As the securitization industry enters the final leg of discussions before the 2007 implementation of the new Basel accord, there are still a number of issues to be worked out.

The new Basel Accord will be implemented in the European Union via the Capital Requirements Directive (CRD), which is slated to take effect on January 1, 2007.On Feb 28, the U.K.'s Financial Services Authority (FSA) issued its consultation paper on the proposed plans for the U.K. implementation of the CRD.

The FSA consultation paper CP 06/3 is a handbook of amendments that were made to implement the new directive. Chapter 16 of this paper is dedicated to a number of areas concerning the securitization framework. Deadline for comments is April 28 and the FSA expects to produce its final handbook of rules and guidance by October 2006.

On March 24, ahead of the FSA's April deadline, U.K. industry players plan to have a preliminary meeting discussing remaining concerns about the amendments. On a preliminary read, sources say there are still many issues that need to be resolved.

Resolving inconsistencies

The biggest one is consistency. Mark Nicolaides, a partner at Mayer Brown Rowe & Maw and a member of the legal and regulatory committee at the European Securitization Forum, said that, at the moment, there are at least 200 areas where the regulations are left to national discretion. It also remains unclear if a national implementation of the regulation will get rid of this discretion, and if it will create a more uniform playing field from country to country.

"Banks that are regulated in different places will hold different capital against the same bond," said Nicolaides. "Some banks will have a competitive advantage and some will have a disadvantage." Nicolaides said that, in certain cases, a risk weighting based on the rating of a credit could vary from bank to bank, ranging between 20% and 150% risk weighting.

The committee for European banking regulations, CEBS, said it wanted to retain discretion, according to Nicolaides. "The EU capital directive [also] maintains this discretion and doesn't seem to offer any guaranty that there will be a level playing field," he said.

Increased clarity

Industry players are also looking to get more clarity on the rules on collecting data.

Under the new Basel II accord, banks applying the advanced Internal Ratings Based (IRB) approach are permitted to design their own formulas that calculate exposure. Foundation IRB banks come up with probability of default formulas. Nicolaides said that the accord does not clearly detail how much data is sufficient to accurately plug in these formulas.

"There is great variability in the data and it was that detail that caused U.S. regulators to be afraid to implement Basel II," he said. "In some instances, for the same retail credit, depending on what formula was applied and what amount of data was used, could come out at 5% risk and in other instances 80% risk weighted."

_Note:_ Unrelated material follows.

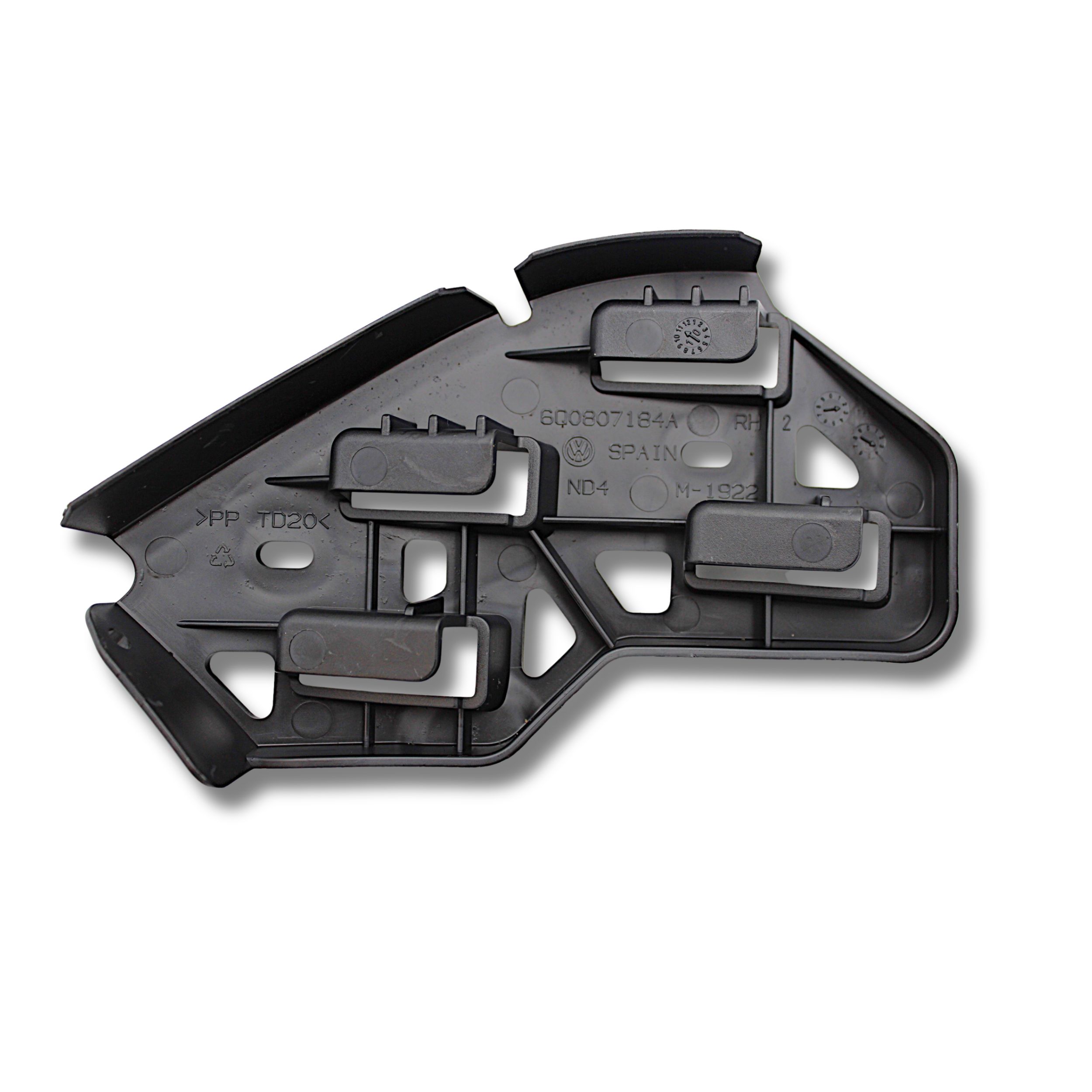 Original Volkswagen Polo Führungsprofil rechts vorn Stoßfänger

The FSA is looking at several of these issues and Nicolaides said that the German regulating body, BaFin, has also publicly made efforts to resolve the outstanding issues. He believed the French regulators had a draft in circulation, although this is only used in France.

"National regulators are operating this machinery without instructions and, as a result, they will require banks to hold abnormal high amounts of capital for securitization," said Nicolaides. "There is a lot of work that is being done at the national level to clear up these outstanding points and its not entirely clear whether they will get it done in time."

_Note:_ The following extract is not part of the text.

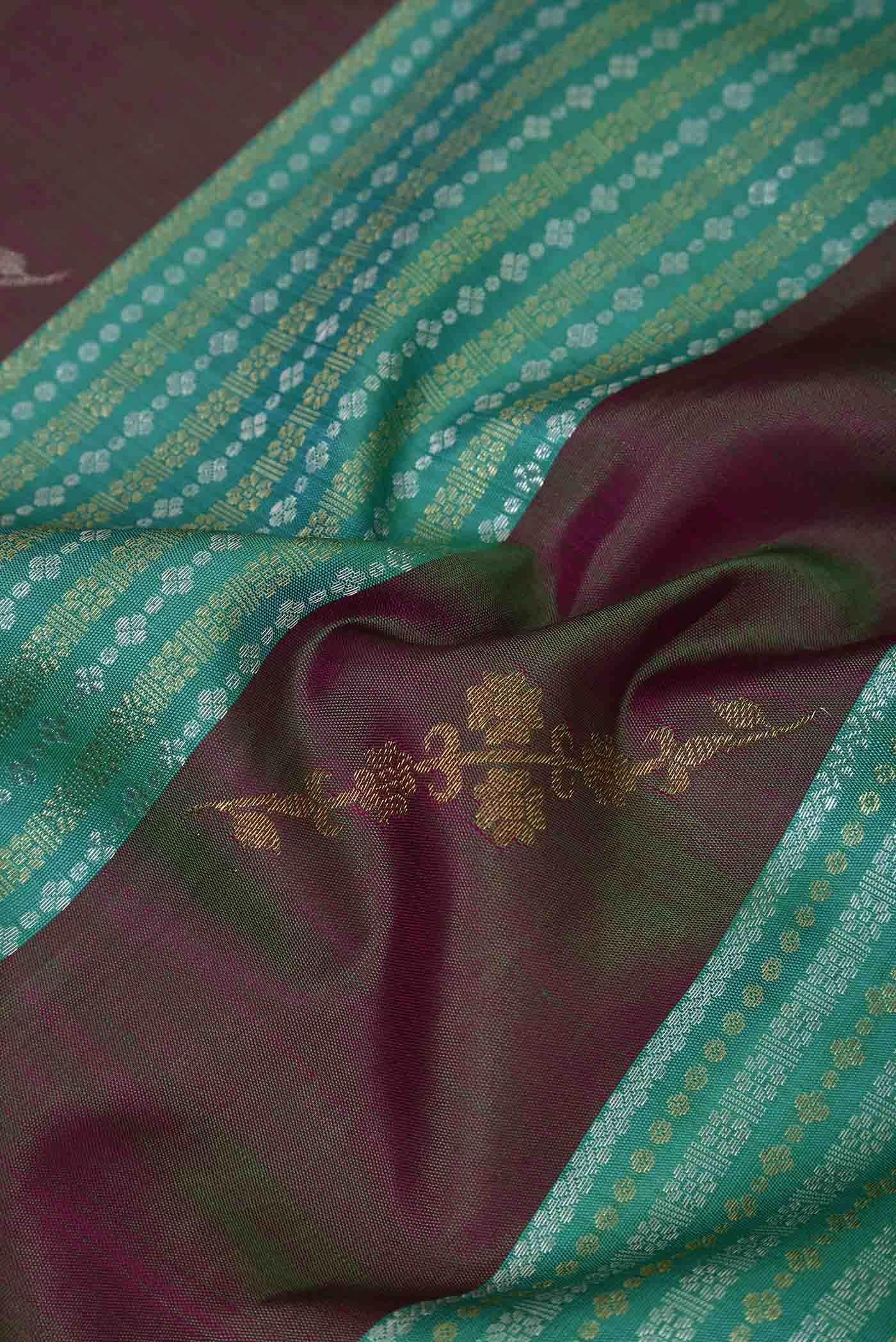 Pure Silk Pure Zari Green Kanchipuram Saree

Hans Vrensen at Barclays Capital said that many investors remain concerned about the impact of Basel II due to the uncertainties over implementation from jurisdiction to jurisdiction. "Given that many existing ABS issues have specific call options relating to Basel II, the key question is whether these issuers will in fact exercise these call options," he said.

The FSA is looking to set a limit on when the decision to exercise a regulatory call due to CRD implementation can be taken. It has proposed setting a January 1, 2008 deadline for firms using the standardized approach and January 1, 2009 for firms using the IRB approach. "We think a decision to exercise such a call after these dates is unlikely to be linked to a CRD-related regulatory event," wrote the FSA in its consultation paper.

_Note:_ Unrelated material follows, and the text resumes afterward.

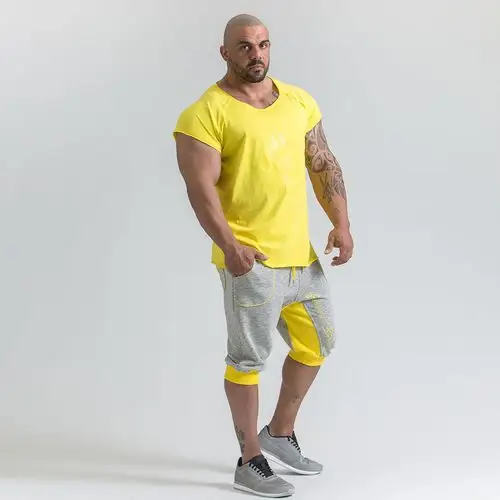 肌肉健身兄弟欧美夏季男士新款运动短裤棉质训练透气休闲一件代发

Vrensen said that certain issuers have also been deleting the Basel II call option language from newer deals.

Market unaffected

The good news is that, in the run-up to Basel II, the primary pipeline continues to thrive. Vrensen said that the impact of the new accord on issuance volumes and spreads is likely to be less than previously expected. Not all originators and investors are subject to the new regulations and the European ABS investor base is increasingly moving away from banks.

It's also important to remember that ABS issuance is not entirely driven by regulatory capital arbitrage. Vrensen said that factors such as funding costs, diversity of funding and rating agency constraints should continue to encourage issuers to come to market.